Israel captured the Golan Heights in the 1967 Six-Day War after Syria and other Arab nations attacked the Jewish state. In 1981, Israel annexed the Golan Heights. Since then, the United States and the broader international community have refused to recognize Israeli sovereignty over the region.
But there has been some movement in Israel’s direction. In November, the United States opposed for the first time the annual U.N. resolution calling on Israel to relinquish the Golan Heights. Outgoing U.S. Ambassador to the United Nations Nikki Haley declared, “The United States will no longer abstain when the United Nations engages in its useless annual vote on the Golan Heights. The resolution is plainly biased against Israel.”
U.S. Secretary of State Mike Pompeo is currently in Jordan as part of a larger Middle East tour to allay fears that America is abandoning the Middle East, as well as to stress that the central threats to the region are Iran and ISIS.

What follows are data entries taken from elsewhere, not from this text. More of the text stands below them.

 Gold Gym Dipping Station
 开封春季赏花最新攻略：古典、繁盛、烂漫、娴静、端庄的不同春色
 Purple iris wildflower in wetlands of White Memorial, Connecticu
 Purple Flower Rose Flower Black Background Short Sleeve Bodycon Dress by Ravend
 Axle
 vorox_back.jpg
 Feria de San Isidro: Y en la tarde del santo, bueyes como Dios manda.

Jordan’s foreign minister, Ayman Safadi, told Pompeo on Tuesday: “International law regarding the Golan Heights is clear. Israel must withdraw from the region.”
How much political capital should go into it?

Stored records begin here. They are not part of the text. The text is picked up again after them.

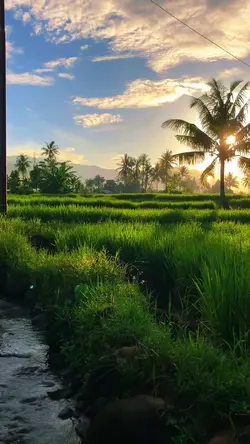 pagi yang indah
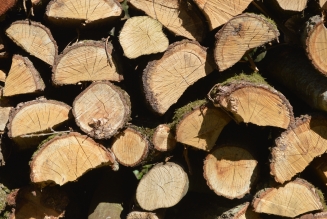 wood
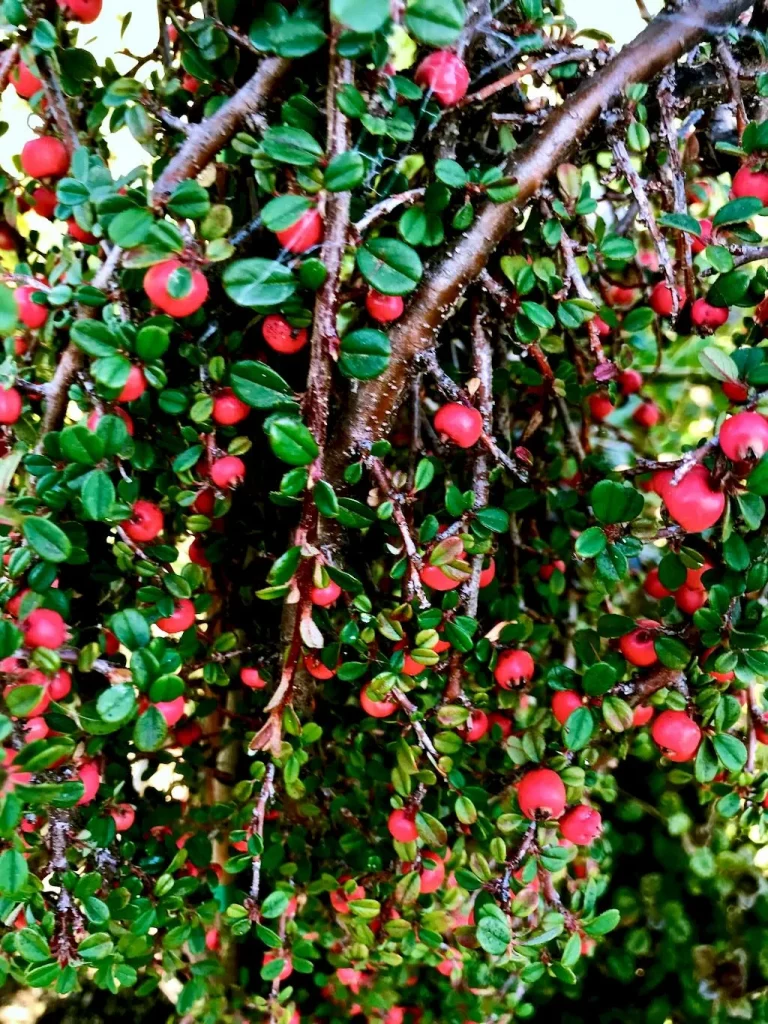 Cotoneaster dammeri Striebs Findling-1 - Online Flower Garden Cotoneaster dammeri'Strieb's Findling'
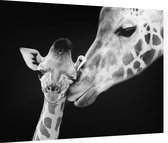 Giraffe koppel op zwarte achtergrond - Foto op Dibond - 80 x 60 cm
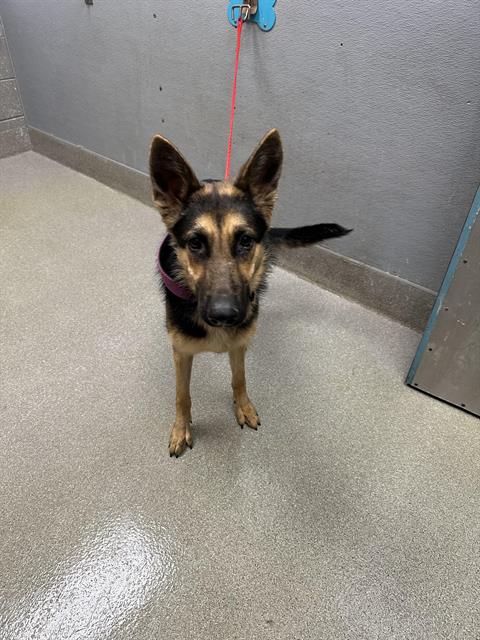adoptable Dog in Las Vegas, NV named PRINCESS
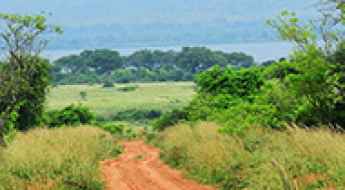 The Unwinding Scenic Roads into the Gorilla Highlands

Netanyahu isn’t alone in his belief that the United States should finally recognize Israeli sovereignty on the Golan Heights.
Last May, the House of Representatives debated a similar resolution. Then-Rep. Ron DeSantis (R-Fla.) introduced a resolution asking Congress to recognize the Golan Heights as belonging to Israel. That measure was never adopted.
And this week, Republican Sens. Tom Cotton of Arkansas and Ted Cruz of Texas issued a joint statement calling on the administration to recognize Israel’s sovereignty over the Golan Heights. According to a statement on Cruz’s website, “In the last Congress Sens. Cruz and Cotton introduced S.Res.732, a resolution expressing the sense of the Senate that the United States should recognize Israel’s sovereignty over the Golan Heights.”
The resolution Cotton and Cruz introduced in mid-December of last year urged the Senate to recognize Israeli sovereignty over the Golan Heights. The resolution stated that the United States would support Israel’s right to defend itself, that it is in the United States’ national security interest to ensure Israel’s security, and that Israeli sovereignty over the Golan Heights would ensure that the Assad regime “faces diplomatic and geopolitical consequences for the killing of civilians, the ethnic cleansing of Syrian Sunnis and the use of weapons of mass destruction.”
This week’s statement went on to affirm that “responding to the threat posed by Iran and its proxies requires ensuring that Israel can defend its territory and its citizens from attacks. To support Israel’s right to self-defense, Washington should take the long overdue step of affirming Israeli sovereignty over the Golan Heights.”
Efraim Inbar, president of the Jerusalem Institute for Strategy and Security has a different approach. He told JNS that “the Americans might [recognize Israeli sovereignty] as they see Syria divided among Assad, the Russians, Turkey and Iran.”
“I am not sure we should spend much political capital on this issue,” he added. “After all, the Golan is in our hands since ’67, more years than the Syrians ruled the area. Who can change this strategically important fact?
“Any American recognition will not have the same resonance as moving the embassy to Jerusalem,” acknowledged Inbar. “What we should do is double the Jewish population in the Golan. What counts most is facts on the ground and not political declarations.”